Ukraine doctor pioneering ‘three-parent’ babies
KIEV: A 34-year-old woman tried to have a baby for 15 years before she turned to a pioneering doctor in Ukraine and a groundbreaking but ethically disputed "three-parent" procedure.
She became the mother of a healthy baby boy in January at a private clinic in Kiev using a process called pronuclear transfer that inserts the couple’s genes into a donor’s egg.
The procedure had been previously used to treat serious genetic diseases.
But doctor Valeriy Zukin become the first to use it to help two separate infertile couples have children in this way.
"There are patients whom we cannot help to have their own genetically-related baby unless we use this method," the 60-year-old told AFP at his Nadiya clinic.
Some two million women across the globe use in vitro fertilisation (IVF) to get pregnant every year.

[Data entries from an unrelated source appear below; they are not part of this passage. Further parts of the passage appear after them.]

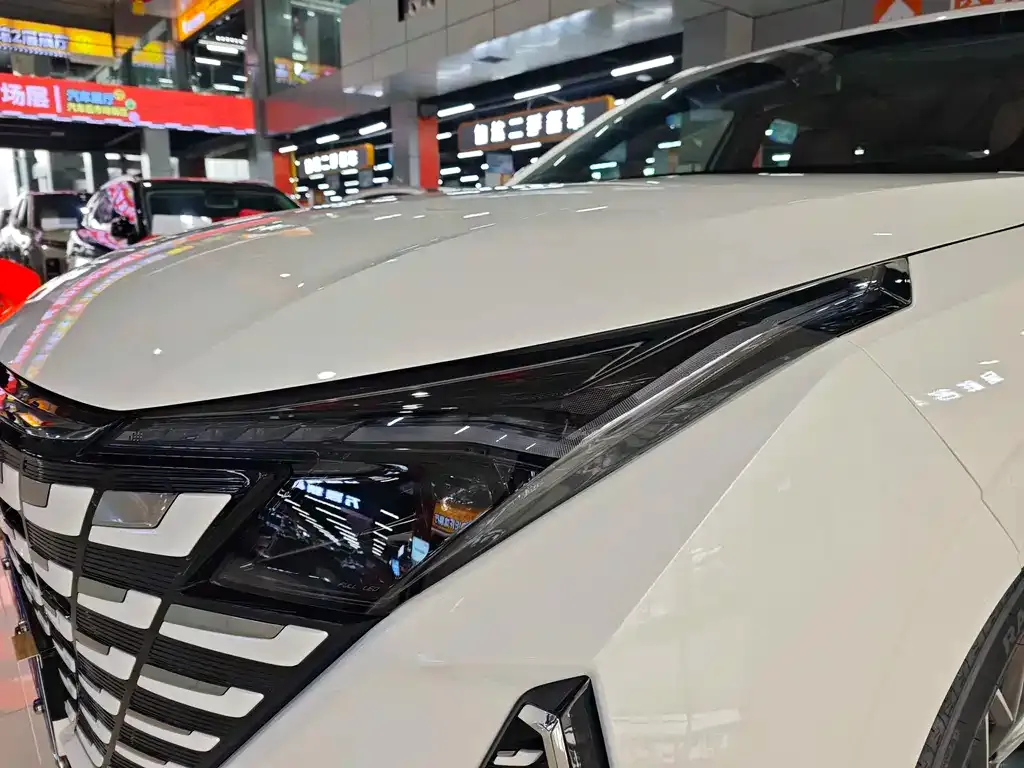 Changan UNI-Z 2026 из CN, фото 3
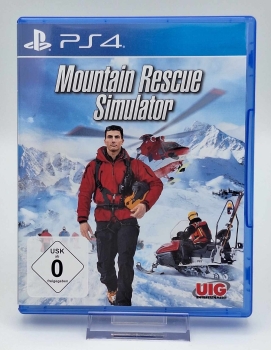 Mountain Rescue Simulator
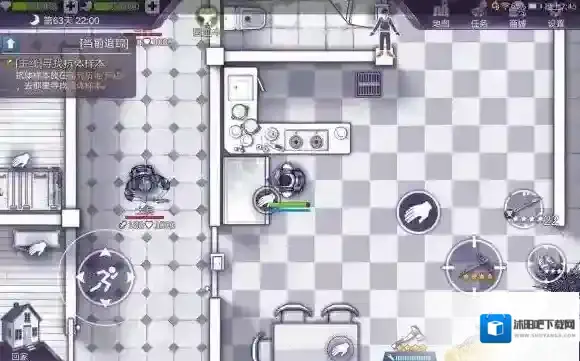 阿瑞斯病毒乌龟怎么打 乌龟打法介绍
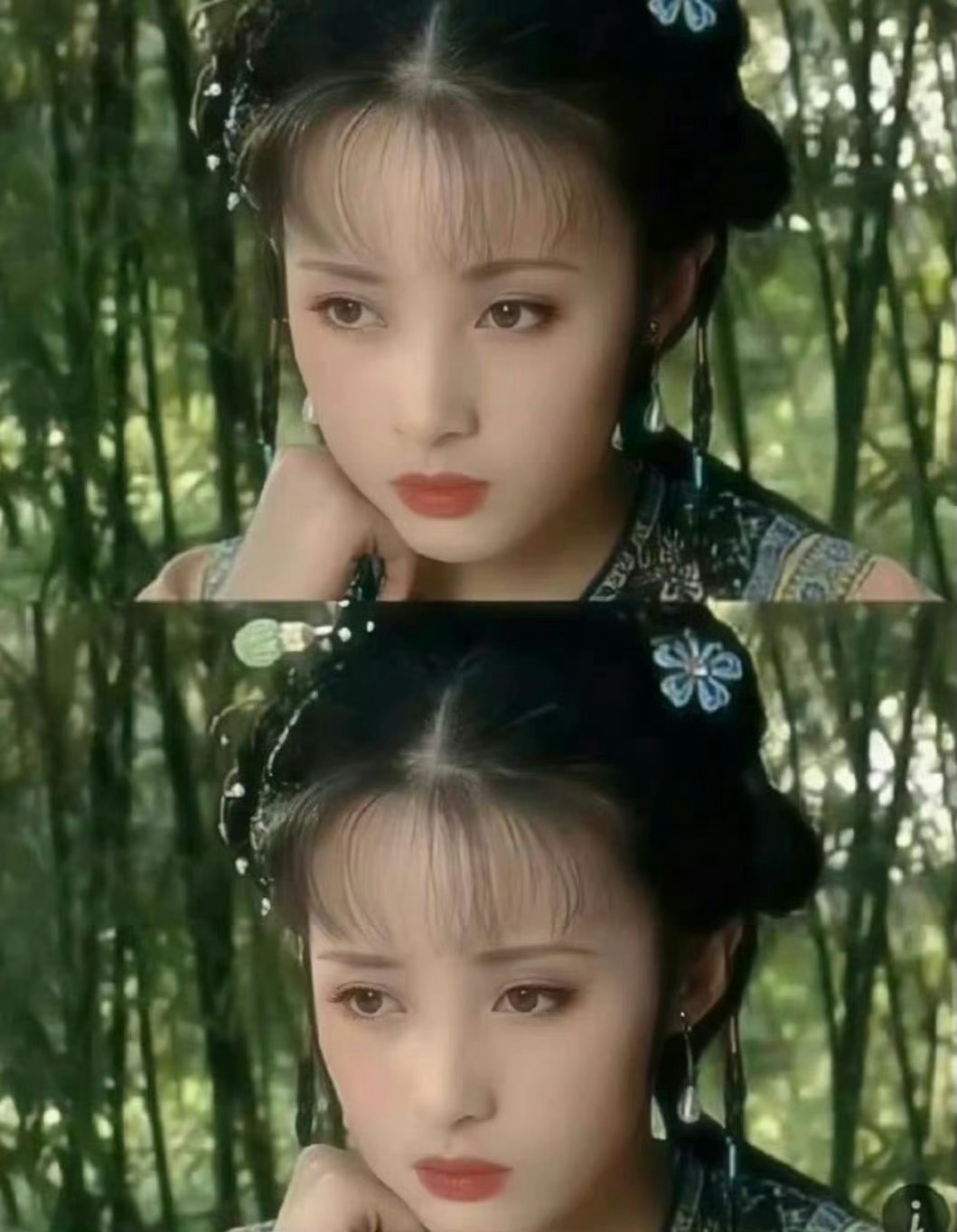 刚入王府时期的纯元和宜修 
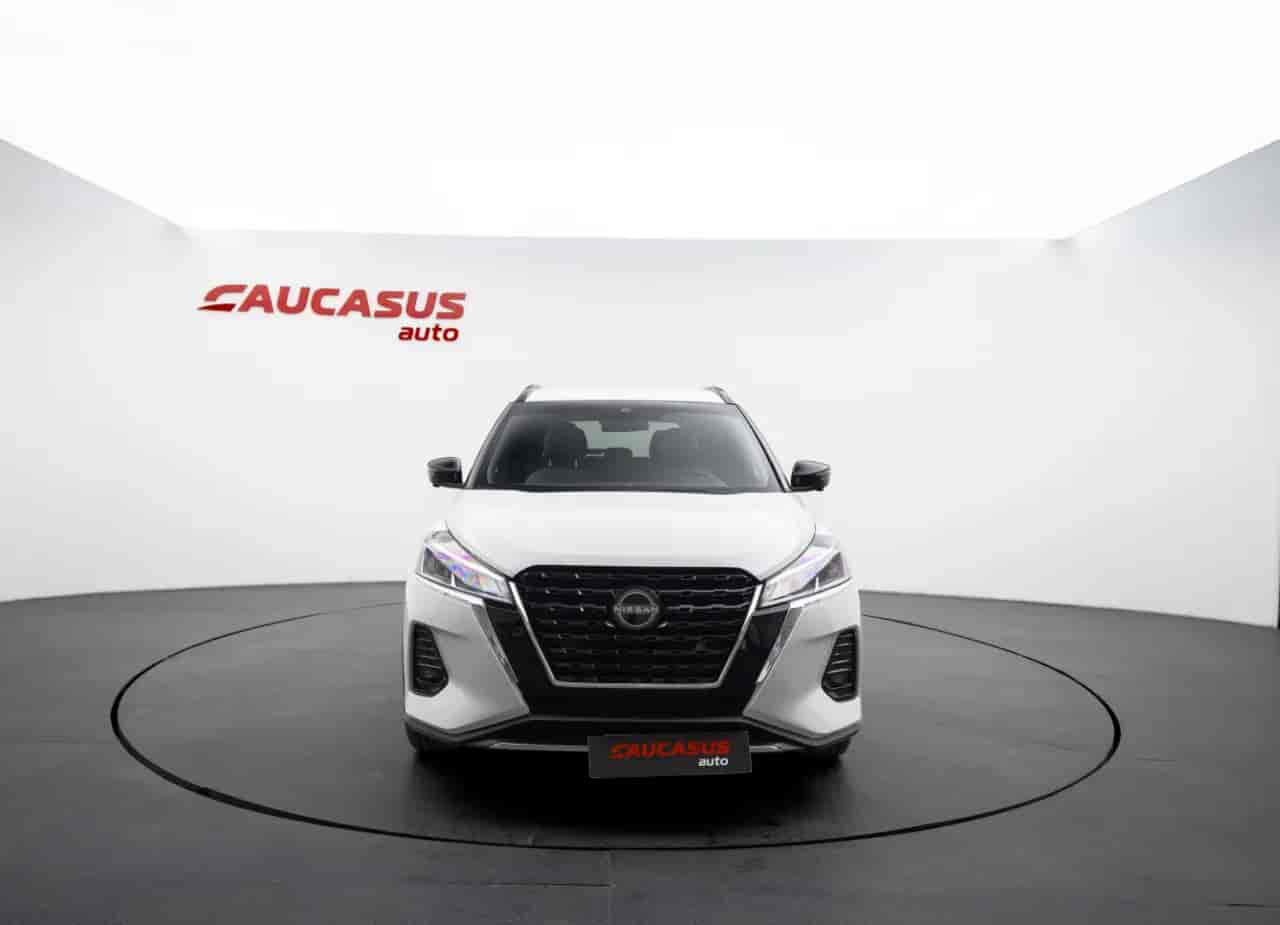 NISSAN Kicks - 2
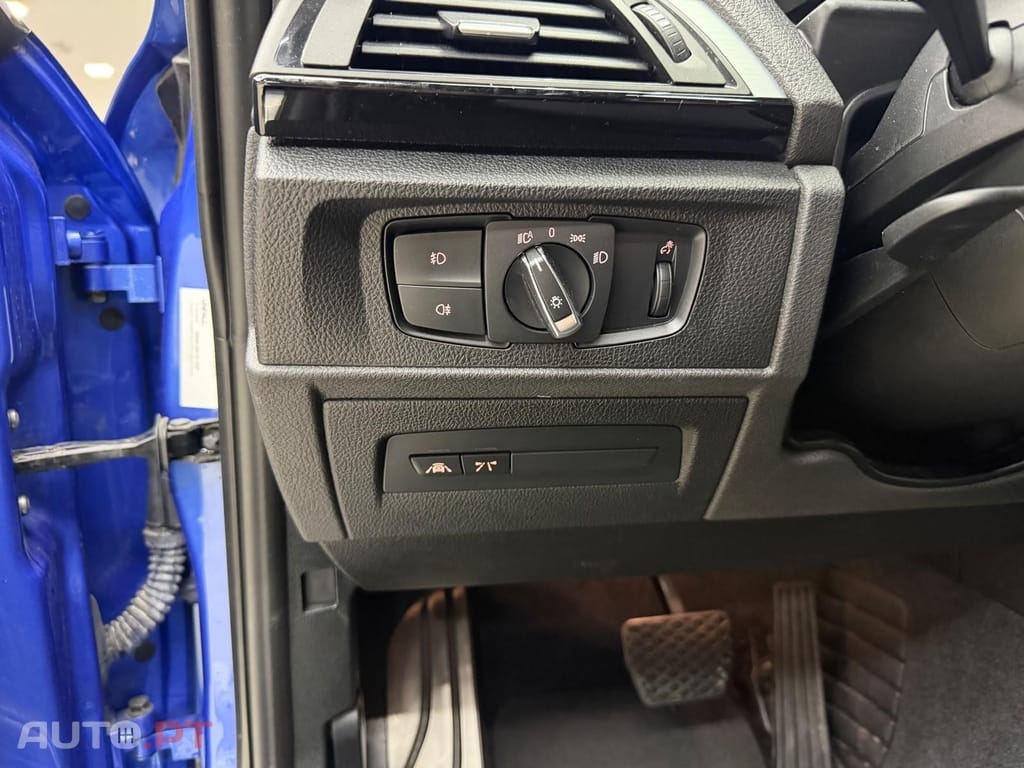 BMW 225 d Coupe Pack M Auto
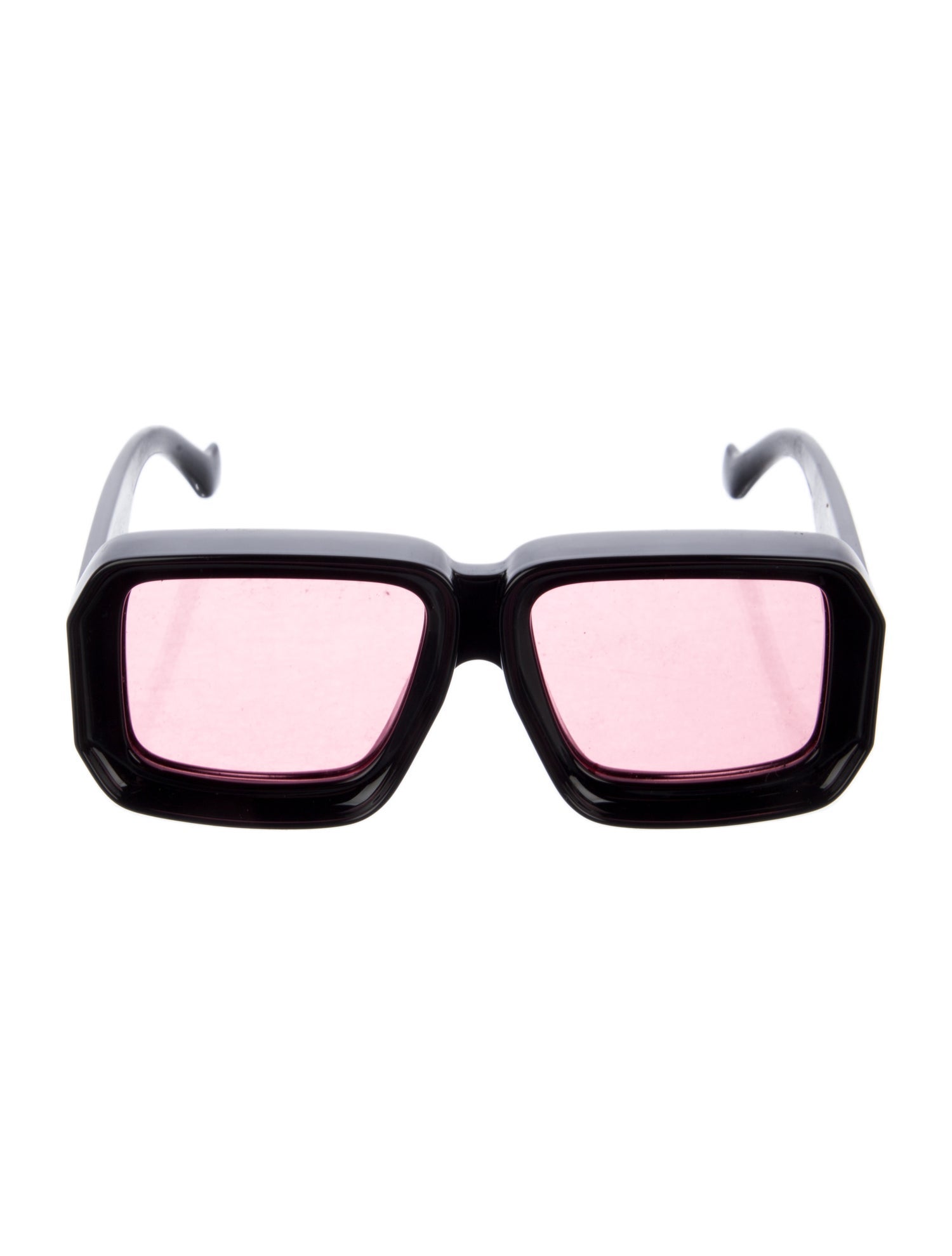 Loewe Paula's Ibiza Dive In Mask Square Sunglasses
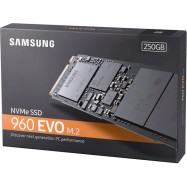 Жесткий диск SSD M.2 Samsung MZ-V6E250BW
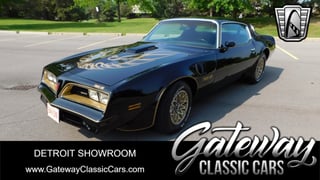 1978 Pontiac Trans Am 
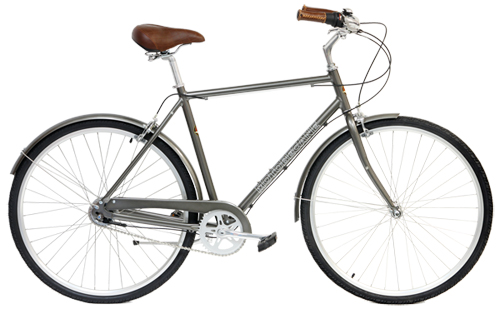 Motobecane Bistro7V Classic Stylish City Bikes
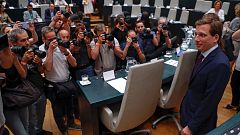 Almeida, elegido alcalde de Madrid con los votos de Ciudadanos y Vox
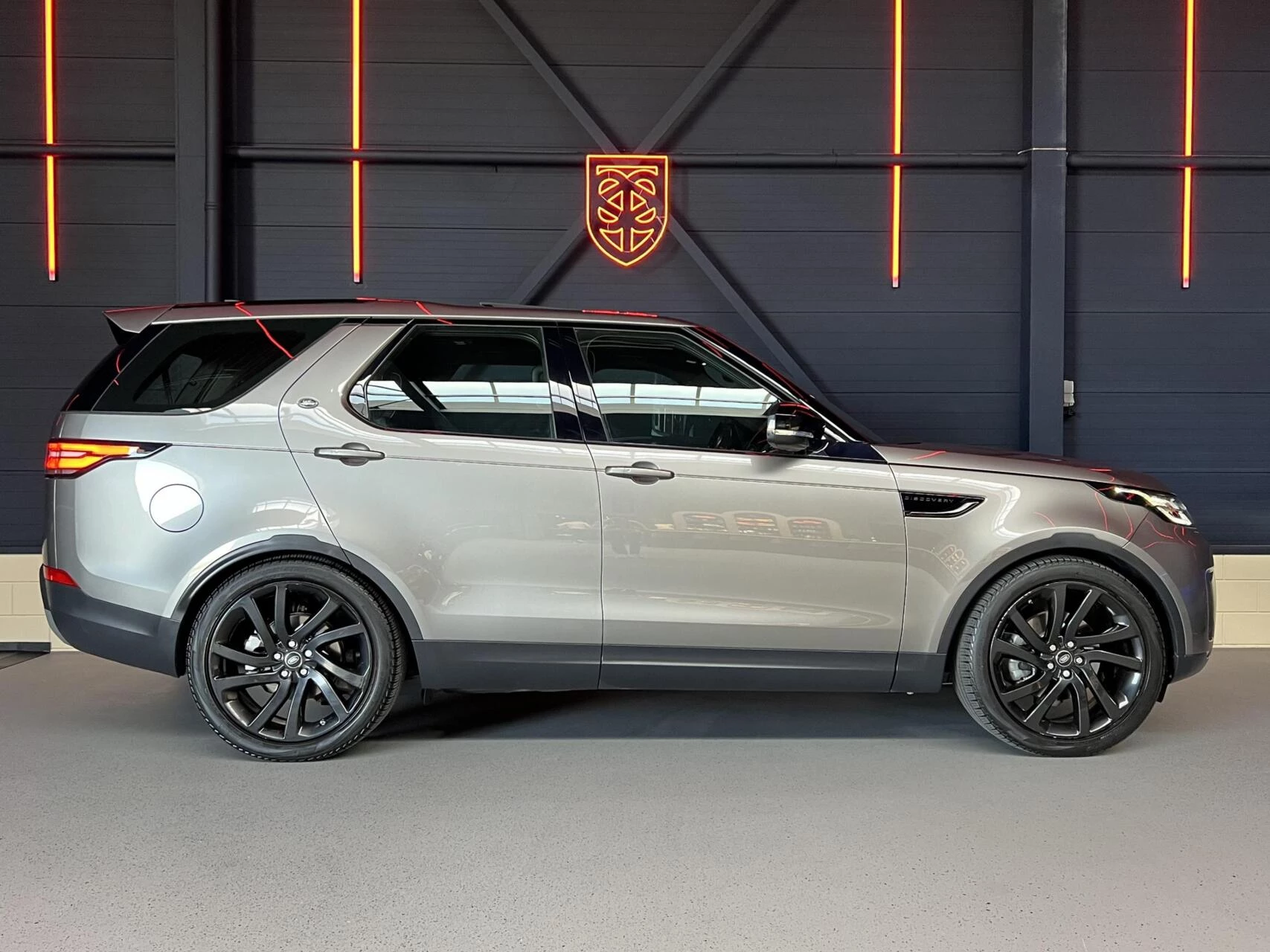 Hoofdafbeelding Land Rover Discovery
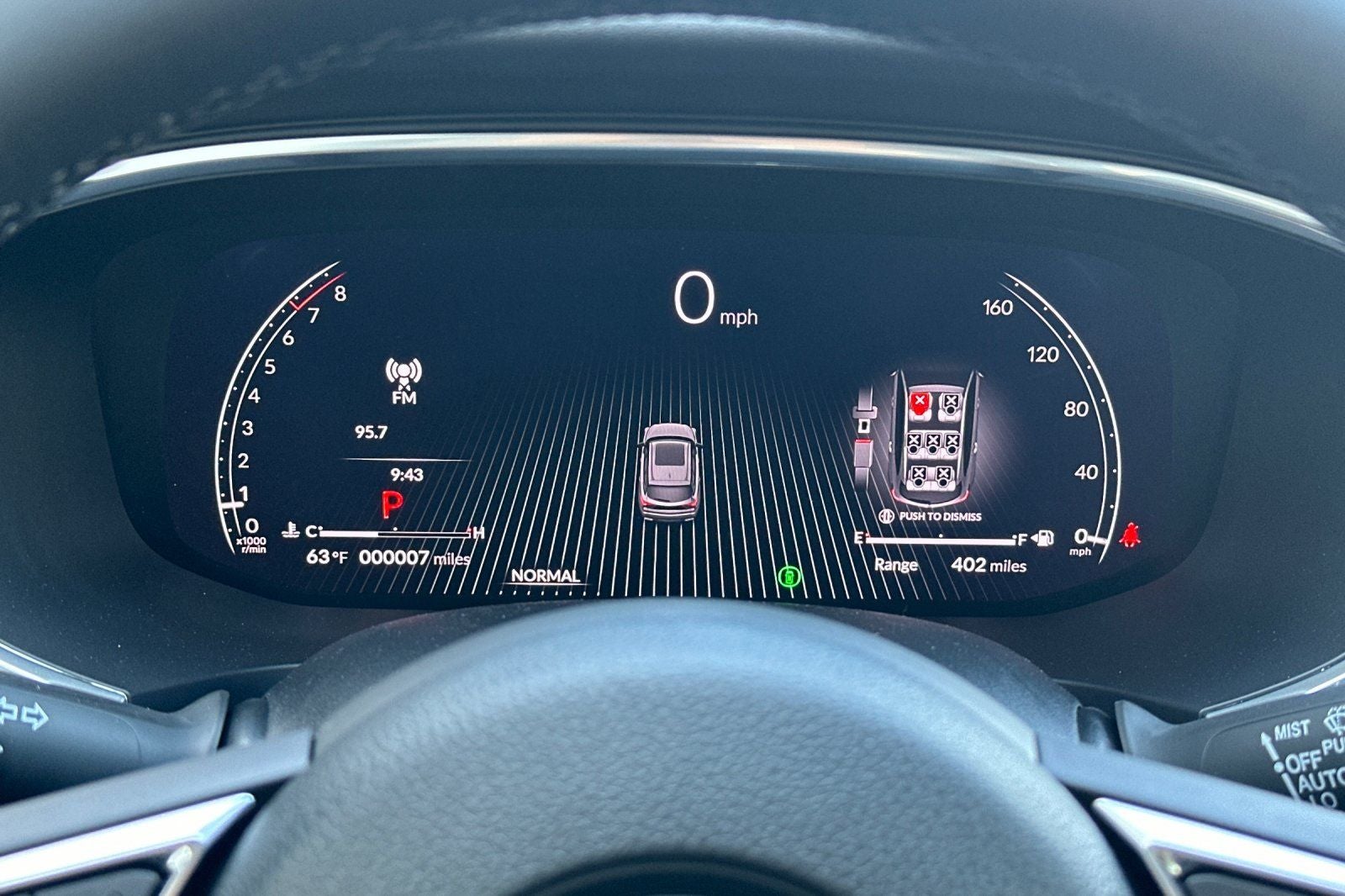 2026 Acura MDX Advance Package SH-AWD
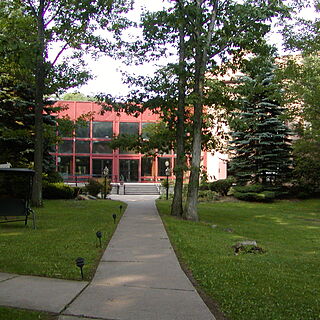 Carriage House at Pocono Manor — - Front Entrance
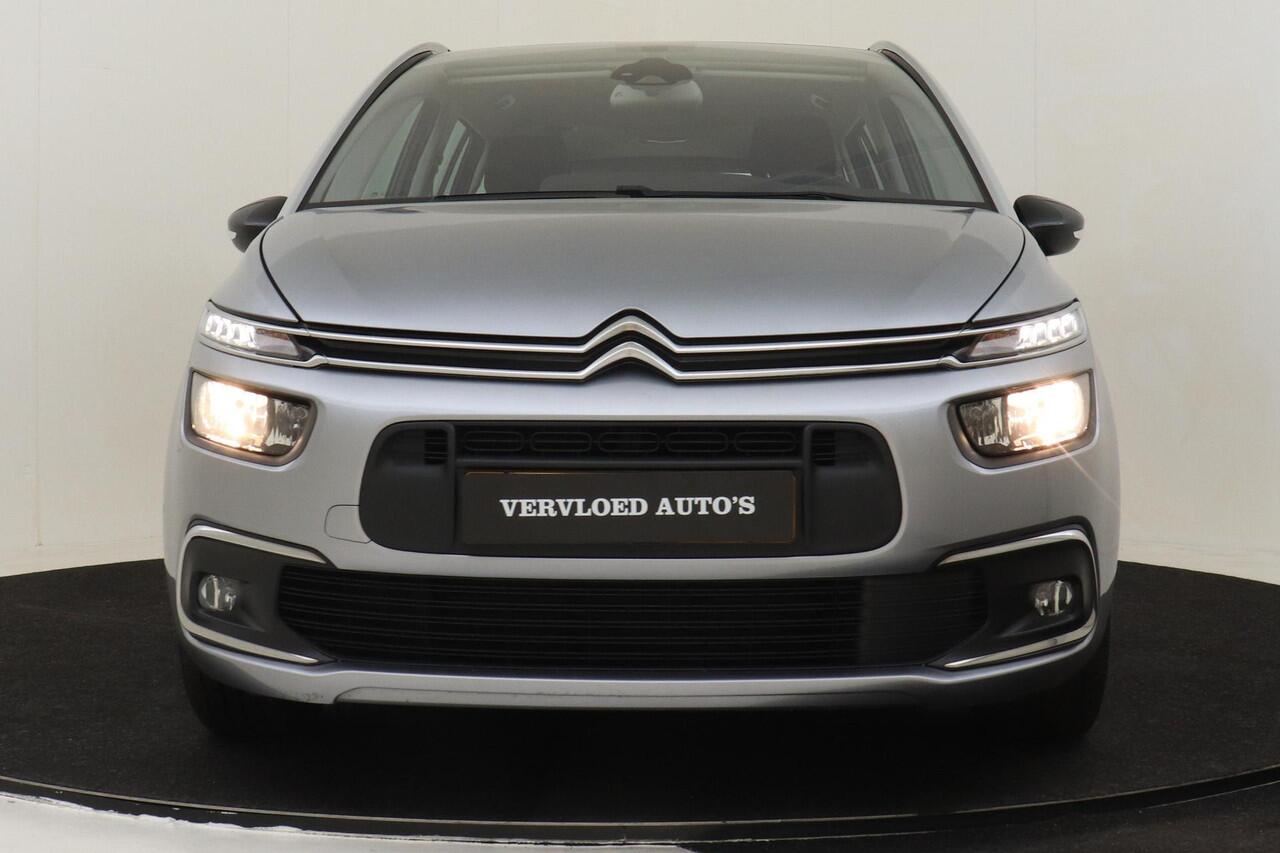 Citroen GRAND C4 PICASSO SpaceTourer 1.2 PureTech BUSINESS -CRUISE|NAVI|CARPLAY|SAFETY+|17"|7P.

But Zukin’s treatment targets a tiny percentage of women whose embryos suffer from a disorder called embryo arrest that can either stunt development or kill them.
The difference in the method Zukin uses is that a woman’s egg is first fertilised with her partner’s sperm.
Then its nucleus is transferred to a donor’s egg that has been stripped of its own nucleus.
The egg is thus almost entirely made up of genetic material from the couple -- plus a tiny amount (about 0.15 percent) from the female donor’s DNA.
Not everyone however shares Zukin’s enthusiasm.
Ukraine’s conservative clerics argue that the technique breaches ethical norms.
"A child can only have two parents and the presence of a third person -- and especially the DNA of a third person -- is morally unacceptable," Father Feodosiy of the dominant Ukrainian Orthodox Church told AFP.
"It violates the sanctity of the marriage between woman and man."
Other religions have also weighed in on the issue with the Roman Catholic Church opposing the move because it would involve the destruction of human embryos as part of the process. The Church of England has said ethical concerns have not been sufficiently addressed. Even some scientists have reservations.
They warn against jumping to early conclusions about how successful the method would be if it were to be applied to the general population.